● Brief
Could you print the stretch of lines below from the one with "Aothia Leather Desk" through the one with "ALPS - Rideau", exactly as they stand and without any pictures?
=== Recorded information ===
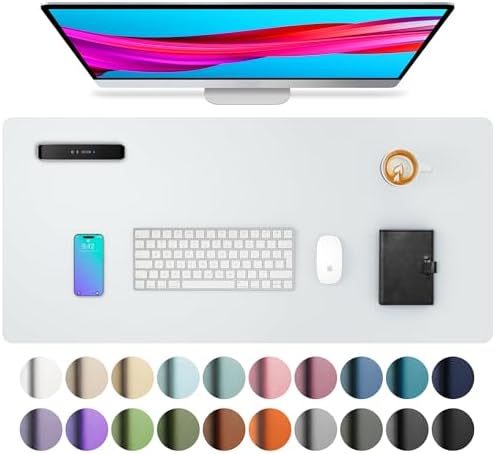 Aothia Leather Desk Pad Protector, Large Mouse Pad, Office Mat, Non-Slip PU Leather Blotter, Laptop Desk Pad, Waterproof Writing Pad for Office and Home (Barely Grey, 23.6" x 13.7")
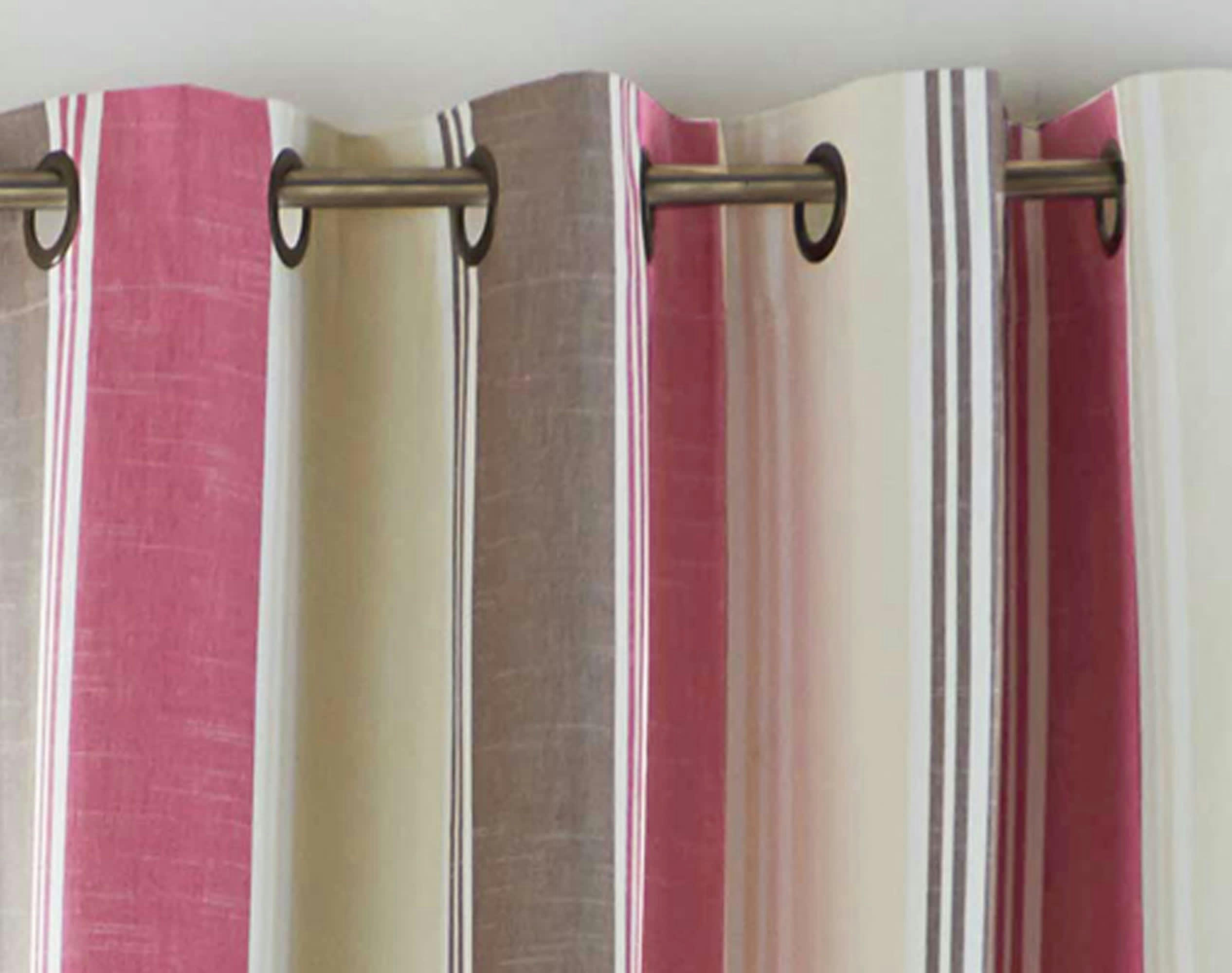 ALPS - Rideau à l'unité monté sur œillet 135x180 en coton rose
===
=== Recorded information ===
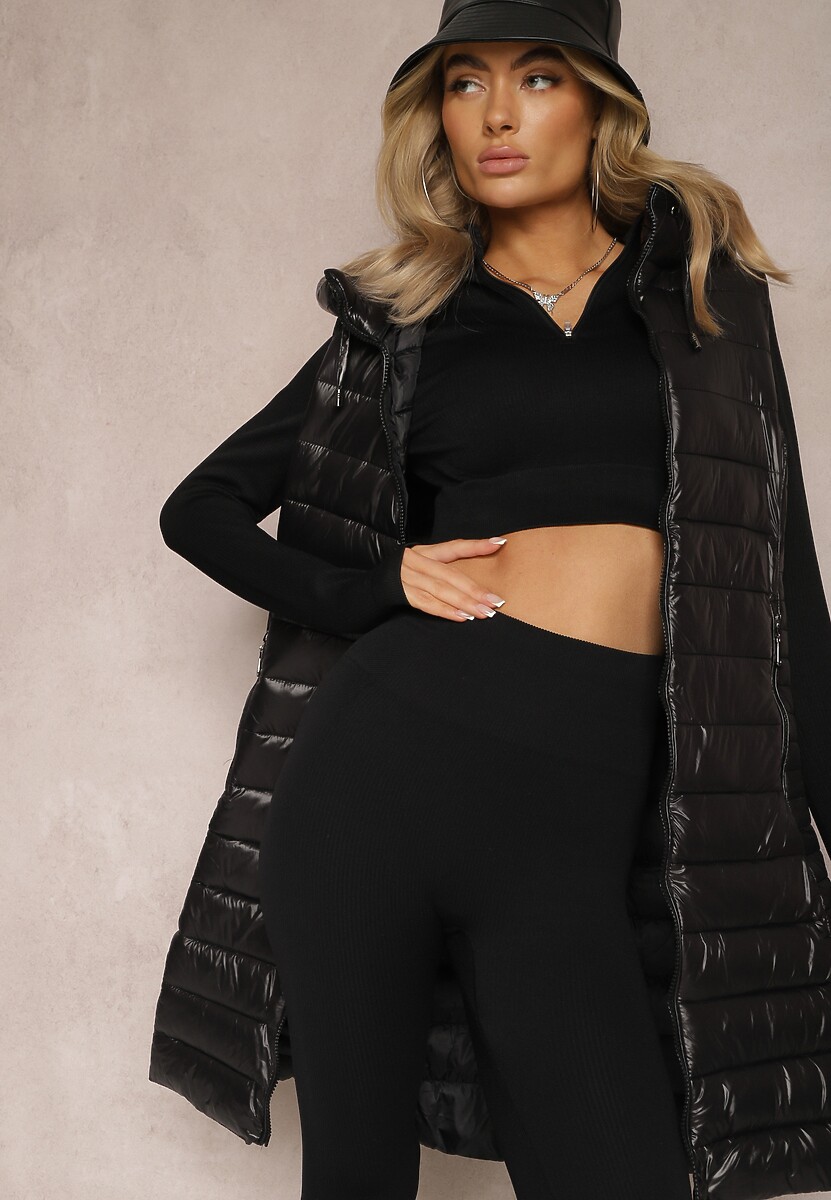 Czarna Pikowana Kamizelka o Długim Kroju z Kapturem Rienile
===
=== Recorded information ===
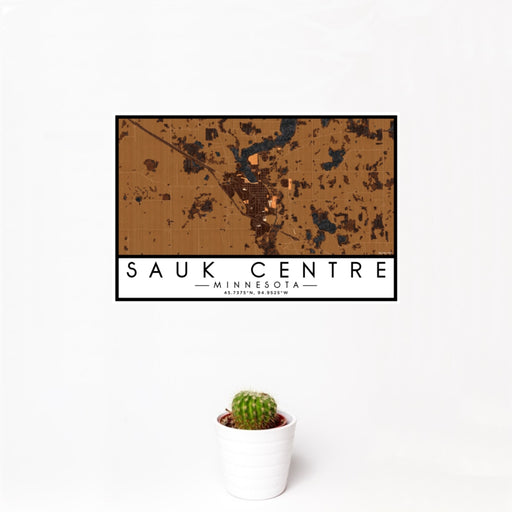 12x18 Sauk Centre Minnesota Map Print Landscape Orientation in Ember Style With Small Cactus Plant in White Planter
===
● Result below
 Aothia Leather Desk Pad Protector, Large Mouse Pad, Office Mat, Non-Slip PU Leather Blotter, Laptop Desk Pad, Waterproof Writing Pad for Office and Home (Barely Grey, 23.6" x 13.7")
 ALPS - Rideau à l'unité monté sur œillet 135x180 en coton rose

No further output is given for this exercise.